- **Work to complete**:
Word for word, copy the line containing "42mm planetary gear" and each line after it in the records below, ending with the last line.

Recorded data
* * * * * * * * *
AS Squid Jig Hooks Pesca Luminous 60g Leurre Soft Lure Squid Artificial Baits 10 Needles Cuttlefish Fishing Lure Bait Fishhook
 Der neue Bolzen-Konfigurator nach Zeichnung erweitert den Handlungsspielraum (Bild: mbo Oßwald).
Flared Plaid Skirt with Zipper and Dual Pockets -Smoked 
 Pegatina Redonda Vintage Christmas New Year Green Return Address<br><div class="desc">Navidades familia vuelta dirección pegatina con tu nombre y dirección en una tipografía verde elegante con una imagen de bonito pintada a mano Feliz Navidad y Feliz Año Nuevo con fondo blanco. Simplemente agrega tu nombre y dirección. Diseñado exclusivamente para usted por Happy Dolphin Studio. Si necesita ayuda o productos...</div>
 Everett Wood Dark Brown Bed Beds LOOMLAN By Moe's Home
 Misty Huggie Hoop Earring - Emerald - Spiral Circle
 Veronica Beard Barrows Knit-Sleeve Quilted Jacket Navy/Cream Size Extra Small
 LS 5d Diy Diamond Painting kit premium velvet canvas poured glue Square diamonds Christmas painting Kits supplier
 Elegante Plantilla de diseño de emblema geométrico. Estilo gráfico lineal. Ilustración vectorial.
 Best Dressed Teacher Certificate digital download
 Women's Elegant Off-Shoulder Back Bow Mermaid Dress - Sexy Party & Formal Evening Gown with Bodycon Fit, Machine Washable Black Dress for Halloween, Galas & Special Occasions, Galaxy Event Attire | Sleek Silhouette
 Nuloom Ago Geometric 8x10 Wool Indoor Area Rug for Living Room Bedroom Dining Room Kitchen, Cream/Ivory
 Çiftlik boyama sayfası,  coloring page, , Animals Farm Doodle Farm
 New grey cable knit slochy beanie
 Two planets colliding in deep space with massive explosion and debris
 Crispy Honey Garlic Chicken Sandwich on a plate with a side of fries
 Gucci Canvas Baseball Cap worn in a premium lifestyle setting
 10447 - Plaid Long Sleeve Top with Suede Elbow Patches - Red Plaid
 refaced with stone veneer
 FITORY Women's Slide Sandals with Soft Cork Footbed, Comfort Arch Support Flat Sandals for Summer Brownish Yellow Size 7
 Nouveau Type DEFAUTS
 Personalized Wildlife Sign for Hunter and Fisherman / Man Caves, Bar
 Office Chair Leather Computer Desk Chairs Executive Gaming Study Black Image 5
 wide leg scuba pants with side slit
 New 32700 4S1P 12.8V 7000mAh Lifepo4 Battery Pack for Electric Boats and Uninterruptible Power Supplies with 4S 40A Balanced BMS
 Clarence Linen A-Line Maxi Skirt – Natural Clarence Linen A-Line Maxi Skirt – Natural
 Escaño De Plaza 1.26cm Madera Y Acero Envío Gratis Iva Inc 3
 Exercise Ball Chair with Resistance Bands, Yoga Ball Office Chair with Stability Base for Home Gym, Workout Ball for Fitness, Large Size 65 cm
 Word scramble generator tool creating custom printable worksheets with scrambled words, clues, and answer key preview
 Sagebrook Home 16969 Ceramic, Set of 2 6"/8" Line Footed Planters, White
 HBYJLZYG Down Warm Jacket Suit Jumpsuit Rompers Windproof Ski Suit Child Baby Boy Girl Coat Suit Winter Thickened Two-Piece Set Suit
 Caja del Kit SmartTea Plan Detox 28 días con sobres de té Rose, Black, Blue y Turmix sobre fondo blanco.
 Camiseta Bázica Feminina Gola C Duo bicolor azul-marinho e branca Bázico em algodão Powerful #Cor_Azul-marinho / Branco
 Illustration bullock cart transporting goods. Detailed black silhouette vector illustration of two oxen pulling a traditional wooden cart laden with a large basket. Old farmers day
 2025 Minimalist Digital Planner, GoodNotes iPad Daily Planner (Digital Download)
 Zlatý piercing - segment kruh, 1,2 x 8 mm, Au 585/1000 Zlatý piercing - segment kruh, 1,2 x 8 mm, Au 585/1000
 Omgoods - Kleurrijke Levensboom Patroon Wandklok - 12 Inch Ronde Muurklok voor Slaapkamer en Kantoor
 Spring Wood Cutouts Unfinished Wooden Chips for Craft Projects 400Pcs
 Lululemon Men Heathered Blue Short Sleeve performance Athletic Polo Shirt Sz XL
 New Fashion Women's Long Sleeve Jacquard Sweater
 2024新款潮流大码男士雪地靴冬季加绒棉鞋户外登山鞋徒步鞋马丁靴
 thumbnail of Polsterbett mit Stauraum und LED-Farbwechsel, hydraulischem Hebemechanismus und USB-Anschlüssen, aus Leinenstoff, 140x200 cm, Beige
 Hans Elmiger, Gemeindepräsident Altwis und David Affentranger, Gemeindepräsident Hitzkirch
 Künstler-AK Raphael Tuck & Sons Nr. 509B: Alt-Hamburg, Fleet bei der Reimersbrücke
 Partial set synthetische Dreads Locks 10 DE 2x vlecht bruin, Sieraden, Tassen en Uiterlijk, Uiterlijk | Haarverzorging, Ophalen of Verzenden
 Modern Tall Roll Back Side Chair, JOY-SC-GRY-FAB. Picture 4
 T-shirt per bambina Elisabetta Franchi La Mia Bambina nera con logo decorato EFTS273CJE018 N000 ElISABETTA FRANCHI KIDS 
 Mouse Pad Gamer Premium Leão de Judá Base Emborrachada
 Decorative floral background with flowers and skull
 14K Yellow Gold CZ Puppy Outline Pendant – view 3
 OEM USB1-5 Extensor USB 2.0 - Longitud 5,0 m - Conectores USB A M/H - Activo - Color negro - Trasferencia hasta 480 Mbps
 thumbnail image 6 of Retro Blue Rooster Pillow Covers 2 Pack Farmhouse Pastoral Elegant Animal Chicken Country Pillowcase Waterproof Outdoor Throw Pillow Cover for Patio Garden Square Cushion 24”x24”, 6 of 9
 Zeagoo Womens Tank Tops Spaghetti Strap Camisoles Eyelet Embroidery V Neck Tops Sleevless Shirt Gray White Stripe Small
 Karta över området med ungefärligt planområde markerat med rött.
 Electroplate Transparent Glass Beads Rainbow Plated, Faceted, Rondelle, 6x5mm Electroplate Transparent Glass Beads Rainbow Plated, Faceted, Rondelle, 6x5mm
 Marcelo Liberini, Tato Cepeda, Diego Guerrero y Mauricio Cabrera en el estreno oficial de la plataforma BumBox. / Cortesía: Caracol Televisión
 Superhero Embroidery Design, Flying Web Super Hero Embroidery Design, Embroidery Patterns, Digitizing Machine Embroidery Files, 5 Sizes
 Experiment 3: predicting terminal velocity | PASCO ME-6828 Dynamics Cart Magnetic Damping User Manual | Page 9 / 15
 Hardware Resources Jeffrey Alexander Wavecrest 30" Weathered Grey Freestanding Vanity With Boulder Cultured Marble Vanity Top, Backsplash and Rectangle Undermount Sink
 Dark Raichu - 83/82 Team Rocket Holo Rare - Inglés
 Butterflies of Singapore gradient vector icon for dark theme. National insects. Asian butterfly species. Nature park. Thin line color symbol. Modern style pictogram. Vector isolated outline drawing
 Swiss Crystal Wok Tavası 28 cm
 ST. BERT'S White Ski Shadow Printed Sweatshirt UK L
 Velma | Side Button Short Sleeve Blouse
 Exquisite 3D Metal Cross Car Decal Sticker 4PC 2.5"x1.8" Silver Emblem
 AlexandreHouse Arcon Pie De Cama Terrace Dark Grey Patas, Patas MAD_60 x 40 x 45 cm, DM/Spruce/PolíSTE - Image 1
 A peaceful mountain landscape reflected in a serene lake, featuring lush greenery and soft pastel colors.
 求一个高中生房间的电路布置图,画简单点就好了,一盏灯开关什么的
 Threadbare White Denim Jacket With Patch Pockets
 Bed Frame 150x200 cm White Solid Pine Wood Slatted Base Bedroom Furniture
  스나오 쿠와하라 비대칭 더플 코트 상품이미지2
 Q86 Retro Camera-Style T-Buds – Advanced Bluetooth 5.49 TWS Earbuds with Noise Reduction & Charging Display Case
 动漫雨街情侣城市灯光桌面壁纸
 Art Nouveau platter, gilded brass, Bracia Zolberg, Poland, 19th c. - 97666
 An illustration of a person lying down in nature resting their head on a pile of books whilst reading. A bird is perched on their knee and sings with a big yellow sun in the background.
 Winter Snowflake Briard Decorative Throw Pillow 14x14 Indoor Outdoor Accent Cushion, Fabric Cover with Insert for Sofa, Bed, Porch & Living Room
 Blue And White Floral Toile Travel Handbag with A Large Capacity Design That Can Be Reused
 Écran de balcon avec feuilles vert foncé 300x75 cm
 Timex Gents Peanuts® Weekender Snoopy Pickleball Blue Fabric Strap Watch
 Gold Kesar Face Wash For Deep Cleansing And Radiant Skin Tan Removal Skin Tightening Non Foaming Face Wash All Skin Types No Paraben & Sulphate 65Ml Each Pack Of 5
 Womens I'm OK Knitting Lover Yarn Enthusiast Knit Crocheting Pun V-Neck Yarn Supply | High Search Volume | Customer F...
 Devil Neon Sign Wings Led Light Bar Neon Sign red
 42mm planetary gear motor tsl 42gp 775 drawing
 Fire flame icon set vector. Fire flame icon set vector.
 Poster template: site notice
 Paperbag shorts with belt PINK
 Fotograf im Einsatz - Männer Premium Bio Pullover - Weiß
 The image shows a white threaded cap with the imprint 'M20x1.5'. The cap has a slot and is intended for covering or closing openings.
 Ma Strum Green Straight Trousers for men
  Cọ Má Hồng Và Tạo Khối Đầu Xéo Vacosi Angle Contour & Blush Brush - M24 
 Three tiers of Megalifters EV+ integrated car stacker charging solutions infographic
* * * * * * * * *
- **Your solution**:
 42mm planetary gear motor tsl 42gp 775 drawing
 Fire flame icon set vector. Fire flame icon set vector.
 Poster template: site notice
 Paperbag shorts with belt PINK
 Fotograf im Einsatz - Männer Premium Bio Pullover - Weiß
 The image shows a white threaded cap with the imprint 'M20x1.5'. The cap has a slot and is intended for covering or closing openings.
 Ma Strum Green Straight Trousers for men
  Cọ Má Hồng Và Tạo Khối Đầu Xéo Vacosi Angle Contour & Blush Brush - M24 
 Three tiers of Megalifters EV+ integrated car stacker charging solutions infographic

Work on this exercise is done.